Today the Japanese whaling fleet has departed western Japan for the Antarctic to hunt hundreds of minke whales, the government says, despite international criticism. The fleet is going to catch up to 333 minke whales “for scientific research” in the Southern Ocean until late March, the Fisheries Agency said in a statement on Monday.
This will be the fourth hunt in the area since the International Court of Justice in The Hague ruled in March 2014 that Japan’s research whaling was not scientific, leading Tokyo to cease the practice for a year.
Japan resumed whaling in the Southern Ocean in the fiscal year 2015-16 after it decided to reduce its catch quota of minke whales to 333 or about one-third of what it used to hunt.

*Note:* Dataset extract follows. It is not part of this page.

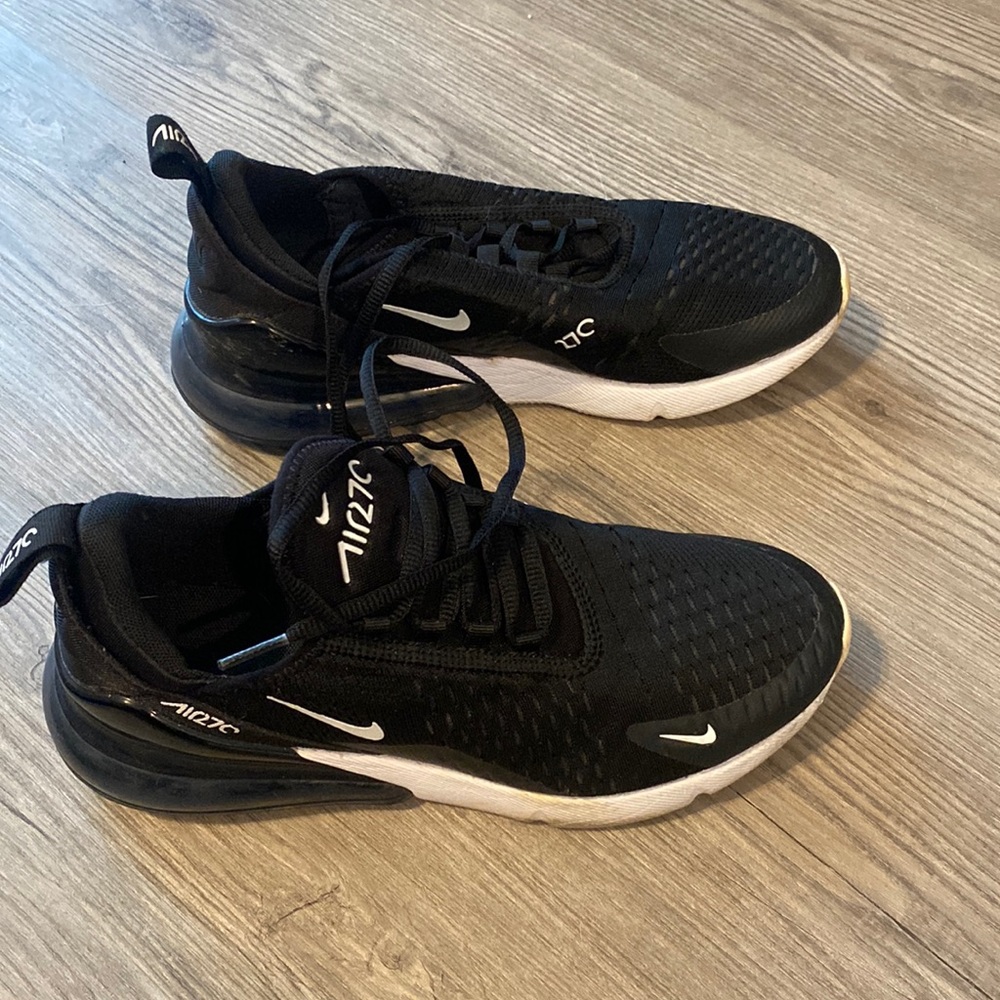 Nike air sneakers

Japan officially halted commercial whaling in 1988, complying with the IWC (International Whaling Commission) adoption of a moratorium.

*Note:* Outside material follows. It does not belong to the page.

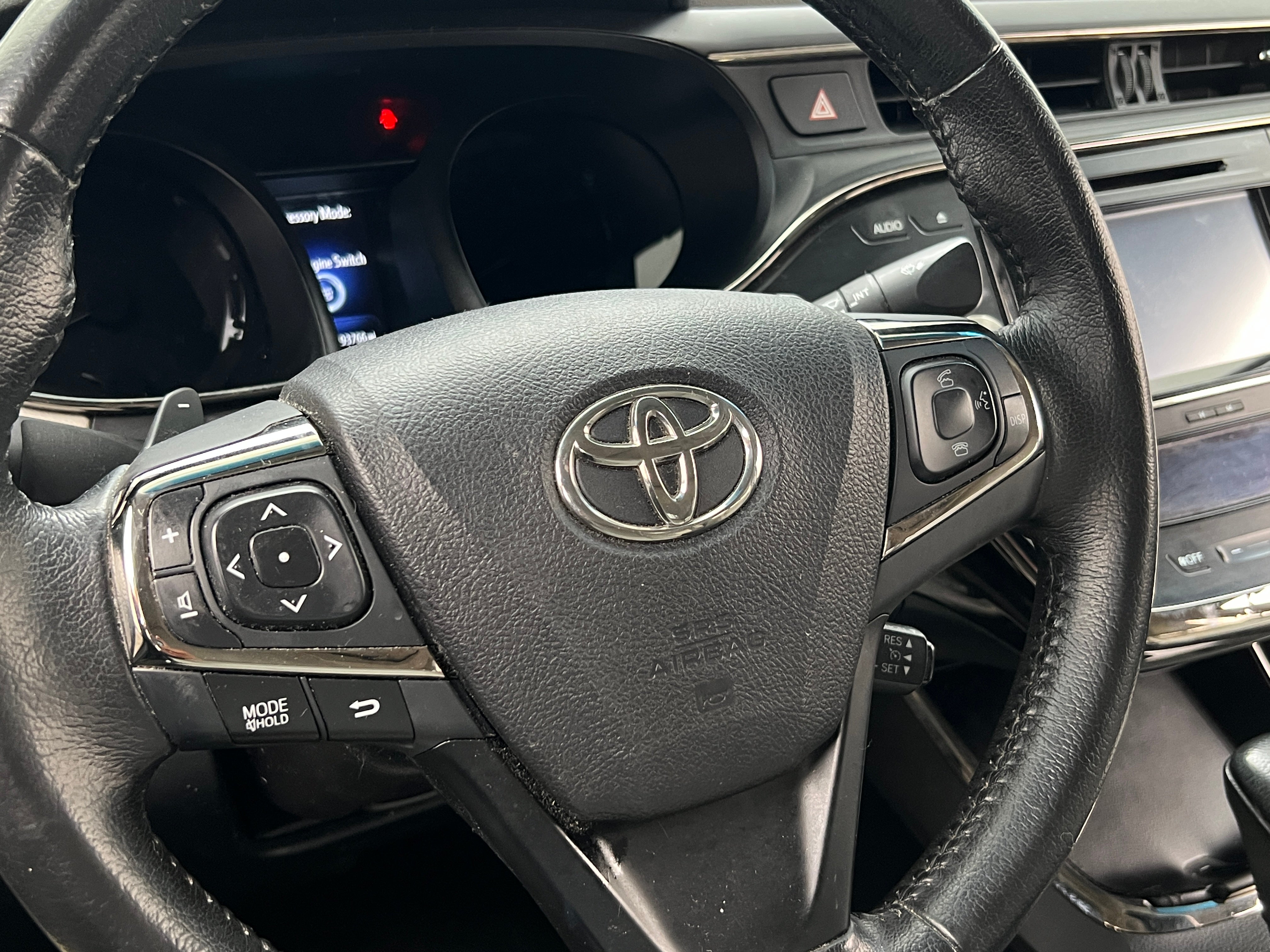 2015 Toyota Avalon XLE 4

Japan is whaling illegal in the Arctic
However, it has continued to kill whales in the name of “scientific research” ever since, under what critics argue is a loophole in the IWC charter that has allowed the country to pursue its annual hunt for commercial purposes.
In September this year, the IWC voted down Japan’s proposal to lift a 32-year whaling ban during a five-day meeting in the Brazilian city of Florianopolis.
The rejection led Tokyo to hint at possibly leaving the IWC as one Japanese government official said they had no choice but to “examine all possible options.”